ICE Charter Flights Deport Approximately 15 Ukrainians to Poland-Ukraine Border via Shannon, Irelandtimeline_event

immigration-enforcementhuman-rightsdeportationukrainewar-zone
2026-03-17 · 1 min read · Edit on Pyrite

type: timeline_event

On March 17, 2026, reporting by NHPR and WBUR confirmed that two charter flights operated by Journey Aviation had departed from Phoenix, stopped at Portsmouth, New Hampshire, and refueled at Shannon Airport in Ireland before landing in Rzeszow, Poland — the closest major airport to the Ukrainian border. The flights carried approximately 15 Ukrainian nationals who were transported to the Poland-Ukraine border and effectively returned to an active war zone where Russian forces continued to conduct military operations.

The flights were traced through a combination of flight tracking data and sources at Portsmouth's Pease International Tradeport, where the aircraft were observed taking on fuel and supplies consistent with a transatlantic crossing. Journey Aviation, the charter operator, was owned by a documented Trump campaign donor, adding a layer of political entanglement to the deportation operation. The company had not previously been identified as an ICE deportation contractor.

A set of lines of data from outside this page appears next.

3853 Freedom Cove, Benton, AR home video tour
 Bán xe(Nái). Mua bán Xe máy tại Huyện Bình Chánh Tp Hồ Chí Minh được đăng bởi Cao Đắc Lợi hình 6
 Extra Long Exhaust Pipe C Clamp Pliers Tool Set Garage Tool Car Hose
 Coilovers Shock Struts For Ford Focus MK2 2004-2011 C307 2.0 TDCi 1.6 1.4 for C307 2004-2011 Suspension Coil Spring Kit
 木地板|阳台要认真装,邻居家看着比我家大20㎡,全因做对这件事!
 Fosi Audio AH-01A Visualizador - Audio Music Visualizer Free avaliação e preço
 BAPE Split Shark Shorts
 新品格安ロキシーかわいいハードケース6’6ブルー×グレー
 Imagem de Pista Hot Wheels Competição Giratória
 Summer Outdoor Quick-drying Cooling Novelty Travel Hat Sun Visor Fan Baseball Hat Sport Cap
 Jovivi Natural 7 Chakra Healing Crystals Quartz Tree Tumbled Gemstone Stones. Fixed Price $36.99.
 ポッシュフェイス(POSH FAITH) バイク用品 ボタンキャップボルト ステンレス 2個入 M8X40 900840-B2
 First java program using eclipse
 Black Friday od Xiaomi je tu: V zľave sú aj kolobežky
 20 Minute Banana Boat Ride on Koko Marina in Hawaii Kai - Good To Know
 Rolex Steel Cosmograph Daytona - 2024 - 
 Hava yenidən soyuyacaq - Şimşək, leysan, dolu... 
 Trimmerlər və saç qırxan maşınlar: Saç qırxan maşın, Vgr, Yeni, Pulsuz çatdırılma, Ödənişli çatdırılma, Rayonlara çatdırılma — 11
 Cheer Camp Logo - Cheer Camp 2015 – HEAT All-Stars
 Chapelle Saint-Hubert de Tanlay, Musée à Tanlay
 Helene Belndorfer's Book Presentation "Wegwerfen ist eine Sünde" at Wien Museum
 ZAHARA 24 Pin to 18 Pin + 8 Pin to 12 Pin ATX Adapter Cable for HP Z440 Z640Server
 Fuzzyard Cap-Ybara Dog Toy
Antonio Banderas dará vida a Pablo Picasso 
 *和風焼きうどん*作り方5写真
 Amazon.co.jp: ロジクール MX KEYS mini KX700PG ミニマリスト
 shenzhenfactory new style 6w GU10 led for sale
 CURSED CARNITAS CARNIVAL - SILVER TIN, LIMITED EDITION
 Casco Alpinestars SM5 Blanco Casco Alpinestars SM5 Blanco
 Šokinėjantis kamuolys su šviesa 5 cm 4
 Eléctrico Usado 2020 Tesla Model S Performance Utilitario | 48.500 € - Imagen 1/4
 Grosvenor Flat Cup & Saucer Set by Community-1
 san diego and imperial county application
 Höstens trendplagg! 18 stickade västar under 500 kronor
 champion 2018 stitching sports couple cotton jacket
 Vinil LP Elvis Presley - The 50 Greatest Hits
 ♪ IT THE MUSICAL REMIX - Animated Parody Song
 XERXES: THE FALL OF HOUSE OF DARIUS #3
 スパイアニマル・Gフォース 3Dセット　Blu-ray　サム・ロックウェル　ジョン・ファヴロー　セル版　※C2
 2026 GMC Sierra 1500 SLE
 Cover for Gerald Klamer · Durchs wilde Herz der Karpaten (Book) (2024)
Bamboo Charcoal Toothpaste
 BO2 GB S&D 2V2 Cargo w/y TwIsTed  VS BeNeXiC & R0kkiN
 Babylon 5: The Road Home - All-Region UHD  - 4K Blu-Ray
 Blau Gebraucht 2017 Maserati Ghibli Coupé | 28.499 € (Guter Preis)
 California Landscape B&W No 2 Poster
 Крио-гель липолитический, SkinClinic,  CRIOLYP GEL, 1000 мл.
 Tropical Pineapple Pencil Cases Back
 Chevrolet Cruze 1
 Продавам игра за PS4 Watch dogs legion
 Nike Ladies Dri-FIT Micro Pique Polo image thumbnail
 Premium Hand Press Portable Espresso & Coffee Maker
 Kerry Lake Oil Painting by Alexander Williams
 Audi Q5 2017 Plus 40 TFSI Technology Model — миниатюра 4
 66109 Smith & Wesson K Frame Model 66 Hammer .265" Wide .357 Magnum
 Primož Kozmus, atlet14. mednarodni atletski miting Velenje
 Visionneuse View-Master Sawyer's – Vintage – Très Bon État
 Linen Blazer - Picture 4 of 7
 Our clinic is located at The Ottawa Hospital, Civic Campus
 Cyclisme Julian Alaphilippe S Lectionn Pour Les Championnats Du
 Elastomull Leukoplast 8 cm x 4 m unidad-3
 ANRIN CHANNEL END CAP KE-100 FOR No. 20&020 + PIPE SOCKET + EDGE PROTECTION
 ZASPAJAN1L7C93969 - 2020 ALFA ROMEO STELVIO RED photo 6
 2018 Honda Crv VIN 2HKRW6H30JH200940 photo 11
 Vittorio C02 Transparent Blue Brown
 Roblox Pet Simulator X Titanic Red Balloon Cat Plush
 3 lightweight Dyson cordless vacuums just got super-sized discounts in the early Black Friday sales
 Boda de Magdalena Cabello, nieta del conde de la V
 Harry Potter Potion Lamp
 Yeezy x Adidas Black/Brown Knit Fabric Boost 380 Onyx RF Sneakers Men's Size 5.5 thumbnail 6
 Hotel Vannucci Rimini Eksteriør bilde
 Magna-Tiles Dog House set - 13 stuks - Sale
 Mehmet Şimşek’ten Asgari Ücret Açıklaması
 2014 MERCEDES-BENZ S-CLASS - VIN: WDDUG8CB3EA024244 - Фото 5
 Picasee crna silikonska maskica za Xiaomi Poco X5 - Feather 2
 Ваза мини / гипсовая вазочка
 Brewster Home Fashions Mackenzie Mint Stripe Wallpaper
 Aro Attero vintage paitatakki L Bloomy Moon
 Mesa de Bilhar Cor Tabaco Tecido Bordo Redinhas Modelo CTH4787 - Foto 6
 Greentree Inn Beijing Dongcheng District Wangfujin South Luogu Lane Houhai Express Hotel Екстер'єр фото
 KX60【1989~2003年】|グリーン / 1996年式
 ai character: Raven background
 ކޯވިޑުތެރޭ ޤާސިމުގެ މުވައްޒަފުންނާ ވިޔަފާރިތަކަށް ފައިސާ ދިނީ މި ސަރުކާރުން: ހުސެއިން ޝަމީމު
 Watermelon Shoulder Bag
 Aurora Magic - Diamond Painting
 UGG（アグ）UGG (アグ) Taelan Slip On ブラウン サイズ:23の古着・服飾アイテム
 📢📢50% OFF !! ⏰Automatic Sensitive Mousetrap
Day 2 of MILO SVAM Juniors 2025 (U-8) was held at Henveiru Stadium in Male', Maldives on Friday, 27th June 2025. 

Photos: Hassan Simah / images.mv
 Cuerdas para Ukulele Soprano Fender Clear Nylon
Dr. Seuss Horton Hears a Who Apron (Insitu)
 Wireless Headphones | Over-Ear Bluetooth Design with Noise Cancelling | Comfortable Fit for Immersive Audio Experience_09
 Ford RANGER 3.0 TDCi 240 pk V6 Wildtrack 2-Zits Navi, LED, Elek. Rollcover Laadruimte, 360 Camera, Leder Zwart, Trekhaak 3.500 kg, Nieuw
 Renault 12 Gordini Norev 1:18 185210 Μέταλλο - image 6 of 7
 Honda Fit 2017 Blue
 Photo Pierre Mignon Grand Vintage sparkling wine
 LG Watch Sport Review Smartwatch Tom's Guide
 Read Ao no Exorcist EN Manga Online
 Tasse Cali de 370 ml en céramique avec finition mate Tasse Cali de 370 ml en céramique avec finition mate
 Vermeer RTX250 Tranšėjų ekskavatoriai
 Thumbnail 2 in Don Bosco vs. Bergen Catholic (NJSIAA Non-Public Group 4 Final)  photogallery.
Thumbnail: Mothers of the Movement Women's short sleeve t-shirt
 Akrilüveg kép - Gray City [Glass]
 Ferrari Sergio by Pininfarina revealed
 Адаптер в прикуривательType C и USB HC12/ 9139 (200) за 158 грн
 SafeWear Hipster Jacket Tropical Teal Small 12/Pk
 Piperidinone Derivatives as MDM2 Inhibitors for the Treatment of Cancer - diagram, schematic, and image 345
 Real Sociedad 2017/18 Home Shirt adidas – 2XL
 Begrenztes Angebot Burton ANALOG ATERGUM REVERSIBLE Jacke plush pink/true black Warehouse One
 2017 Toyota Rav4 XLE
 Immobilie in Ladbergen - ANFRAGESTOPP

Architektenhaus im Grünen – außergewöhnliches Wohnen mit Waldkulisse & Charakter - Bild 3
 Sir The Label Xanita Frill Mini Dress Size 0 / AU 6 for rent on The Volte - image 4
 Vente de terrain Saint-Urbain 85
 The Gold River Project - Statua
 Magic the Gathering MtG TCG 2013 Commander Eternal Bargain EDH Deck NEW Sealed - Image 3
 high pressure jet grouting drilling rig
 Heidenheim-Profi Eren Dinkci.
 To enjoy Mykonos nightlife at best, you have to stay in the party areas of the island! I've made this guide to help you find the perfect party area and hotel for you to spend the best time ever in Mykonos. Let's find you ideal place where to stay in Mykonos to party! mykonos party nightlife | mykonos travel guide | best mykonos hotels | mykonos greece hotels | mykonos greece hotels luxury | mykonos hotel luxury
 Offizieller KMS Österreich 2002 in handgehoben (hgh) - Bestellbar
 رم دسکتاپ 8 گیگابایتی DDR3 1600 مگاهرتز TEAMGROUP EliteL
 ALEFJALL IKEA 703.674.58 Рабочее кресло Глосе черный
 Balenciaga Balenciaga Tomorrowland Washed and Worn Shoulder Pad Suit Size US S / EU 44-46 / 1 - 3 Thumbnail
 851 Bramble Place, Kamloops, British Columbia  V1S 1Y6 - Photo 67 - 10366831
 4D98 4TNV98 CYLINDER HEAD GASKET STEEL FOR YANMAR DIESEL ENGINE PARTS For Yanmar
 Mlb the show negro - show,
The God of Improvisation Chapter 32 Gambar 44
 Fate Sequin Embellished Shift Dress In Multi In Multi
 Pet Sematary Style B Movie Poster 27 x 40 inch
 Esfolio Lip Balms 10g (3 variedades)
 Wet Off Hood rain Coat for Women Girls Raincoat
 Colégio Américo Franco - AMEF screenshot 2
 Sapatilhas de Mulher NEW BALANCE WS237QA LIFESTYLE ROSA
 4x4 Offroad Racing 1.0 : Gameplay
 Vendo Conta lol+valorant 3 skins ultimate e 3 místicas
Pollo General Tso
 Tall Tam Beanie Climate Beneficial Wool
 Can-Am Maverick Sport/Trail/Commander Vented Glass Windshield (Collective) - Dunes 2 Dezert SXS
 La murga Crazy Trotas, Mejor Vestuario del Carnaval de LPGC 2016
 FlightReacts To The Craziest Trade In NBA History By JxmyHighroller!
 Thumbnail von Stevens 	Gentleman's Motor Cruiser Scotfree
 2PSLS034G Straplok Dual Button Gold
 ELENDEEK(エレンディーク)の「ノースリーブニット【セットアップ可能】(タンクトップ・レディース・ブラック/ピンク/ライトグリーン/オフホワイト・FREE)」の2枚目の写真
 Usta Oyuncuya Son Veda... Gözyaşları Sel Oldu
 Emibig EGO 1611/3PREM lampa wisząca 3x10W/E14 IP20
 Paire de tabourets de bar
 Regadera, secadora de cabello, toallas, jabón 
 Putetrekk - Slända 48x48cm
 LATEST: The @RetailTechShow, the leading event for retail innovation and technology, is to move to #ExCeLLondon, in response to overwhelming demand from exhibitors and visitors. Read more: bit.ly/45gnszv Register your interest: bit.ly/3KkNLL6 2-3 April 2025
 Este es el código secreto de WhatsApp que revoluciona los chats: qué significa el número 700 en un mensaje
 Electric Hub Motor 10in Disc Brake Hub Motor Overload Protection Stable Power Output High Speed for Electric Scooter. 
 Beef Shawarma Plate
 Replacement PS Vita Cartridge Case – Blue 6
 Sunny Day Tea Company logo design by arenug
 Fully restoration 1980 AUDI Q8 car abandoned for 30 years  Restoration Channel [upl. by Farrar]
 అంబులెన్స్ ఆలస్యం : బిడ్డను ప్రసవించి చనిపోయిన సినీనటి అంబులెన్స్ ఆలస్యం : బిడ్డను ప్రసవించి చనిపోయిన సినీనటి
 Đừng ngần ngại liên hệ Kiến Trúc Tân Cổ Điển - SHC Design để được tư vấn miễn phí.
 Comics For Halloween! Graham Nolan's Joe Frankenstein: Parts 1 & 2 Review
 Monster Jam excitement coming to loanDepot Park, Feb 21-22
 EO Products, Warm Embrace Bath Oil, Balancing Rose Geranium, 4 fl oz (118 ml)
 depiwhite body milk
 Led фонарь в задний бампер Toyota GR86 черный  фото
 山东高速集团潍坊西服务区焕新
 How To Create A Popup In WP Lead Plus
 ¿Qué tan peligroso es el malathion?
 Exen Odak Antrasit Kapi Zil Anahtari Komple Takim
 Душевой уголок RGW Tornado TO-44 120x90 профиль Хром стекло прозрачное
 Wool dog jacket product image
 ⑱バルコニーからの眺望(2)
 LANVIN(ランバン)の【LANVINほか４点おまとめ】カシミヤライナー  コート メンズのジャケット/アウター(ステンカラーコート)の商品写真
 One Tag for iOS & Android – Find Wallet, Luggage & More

Human Rights First condemned the deportations as a violation of the United States' obligations under the 1951 Refugee Convention and the Convention Against Torture, both of which prohibit returning individuals to countries where they face a well-founded fear of persecution or armed conflict. The organization noted that the United States had granted Temporary Protected Status to Ukrainian nationals specifically because of the ongoing war, making the deportation of Ukrainians to the border region a direct contradiction of the government's own country-conditions assessment.

The Rzeszow flights were not isolated incidents. Investigative reporting revealed that at least eight similar charter flights had carried deportees to destinations in Europe, the Middle East, and Central Asia since January 2026, suggesting a systematic program of removals to conflict-affected regions. The Irish government announced it would review whether allowing the flights to refuel at Shannon was consistent with Ireland's neutrality obligations, reviving a controversy that had surrounded the airport's use by U.S. military and intelligence flights during the Iraq War era.